As mentioned above, there are multiple (easy) ways you can create a Slurm cluster on GCP like the marketplace, Terraform template, or HPC Toolkit. For this blog post, we will use SchedMD’s terraform template to build a basic cluster. You may create a VPC, Cloud Filestore as part of the template itself, but in our example, we are going to create them separately. Let’s get started.

If you already have a VPC and subnets, feel free to skip this section. If you don’t have one already, follow along.

Configure your project and region in gcloud

gcloud auth login 
gcloud config set project YOUR-PROJECT-NAME
gcloud config set compute/region asia-south1

We will create a VPC and one subnet in Mumbai region

gcloud compute --project=projectname firewall-rules create slurm-vpc-internal --direction=INGRESS --priority=1000 --network=slurm-vpc --action=ALLOW --rules=all --source-ranges=10.10.0.0/24

You might also want to create a NAT gateway for this VPC.

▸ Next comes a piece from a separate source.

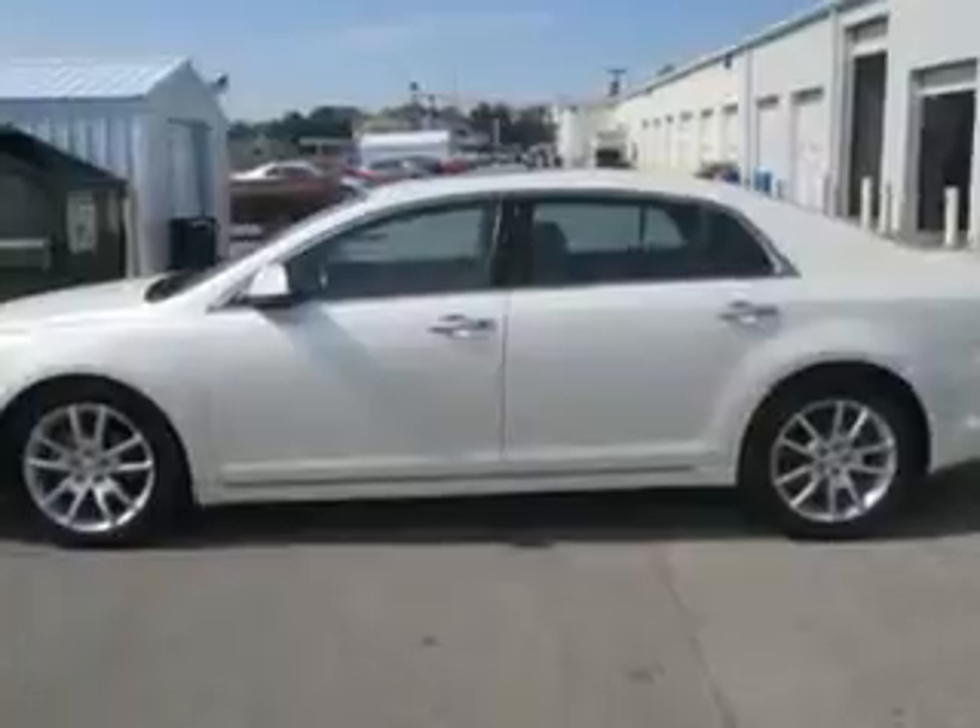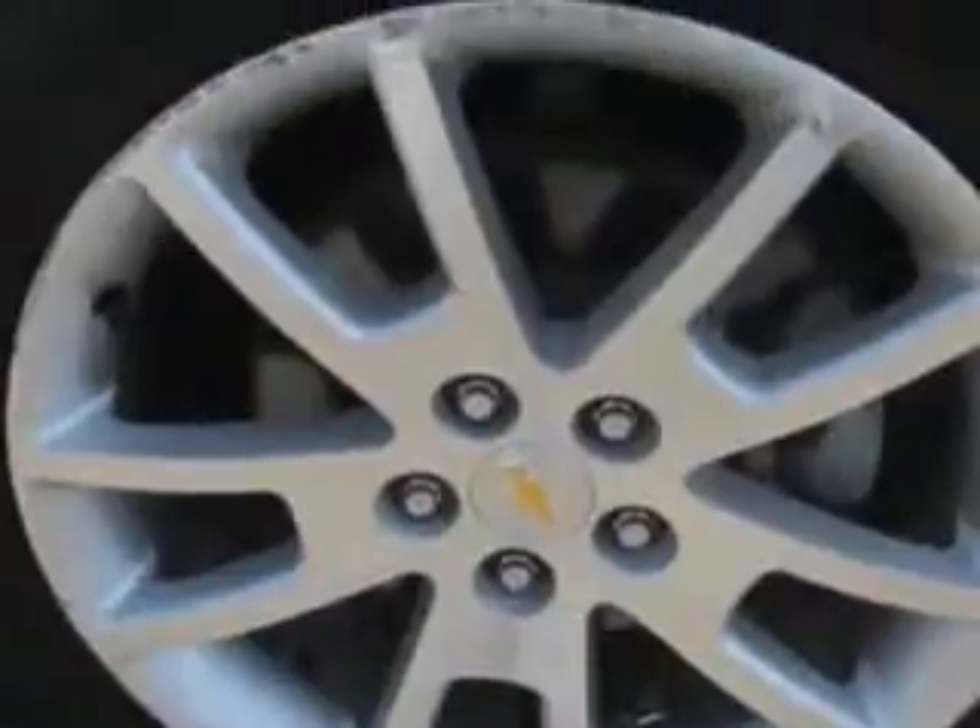Features include automatic climate control, steering wheel phone control, leather wrap steering wheel, leather upholstery, power moonroof, heated driver and passenger seating, keyless entry system, steering wheel audio controls, 5-passenger seating, heated outside mirrors, alloy-styled wheels, USB port, and much more.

Go to cloud filestore service in GCP and create a basic file share choosing connectivity with the VPC we just created above. Also, configure the “private connection” under “advanced network options” to allow slurm nodes to freely mount the fileshare. I am naming this file share as slurmfs

Let’s now use the terraform template to create a Slurm cluster. We will be creating a “basic” and small cluster with 2 compute nodes in debug partition. You might want to use Cloud Shell for running terraform apply.

git clone https://github.com/SchedMD/slurm-gcp.git && cd slurm-gcp/terraform/slurm_cluster/examples/slurm_cluster/cloud/basic

You may choose the cluster type that makes the best sense for your scenario. For the sake of this blog post, we will choose a basic cluster. Edit the example.tfvars using your favorite text editor with the project, VPC, filestore, and other necessary details.

Under network storage, fill in the cloud filestore details you have created above

network_storage = [{
server_ip = "10.x.x.x"
remote_mount = "/slurmfs"
local_mount = "/data"
fs_type = "nfs"
mount_options = null
},
]

Similarly, the login

login_network_storage = [
{
server_ip = "10.x.x.x" #change this depending on your env
remote_mount = "/slurmfs"
local_mount = "/data"
fs_type = "nfs"
mount_options = null
},
]

Here is my Below is my example.tfvars file. You can make changes accordingly.

Run terraform

terraform init
terraform apply -var-file=example.tfvars

If everything went well, you should see the slurm cluster up and running on your GCP console. Connect to controller node (I am assuming you have the necessary firewall rules created allowing IaP access via SSH).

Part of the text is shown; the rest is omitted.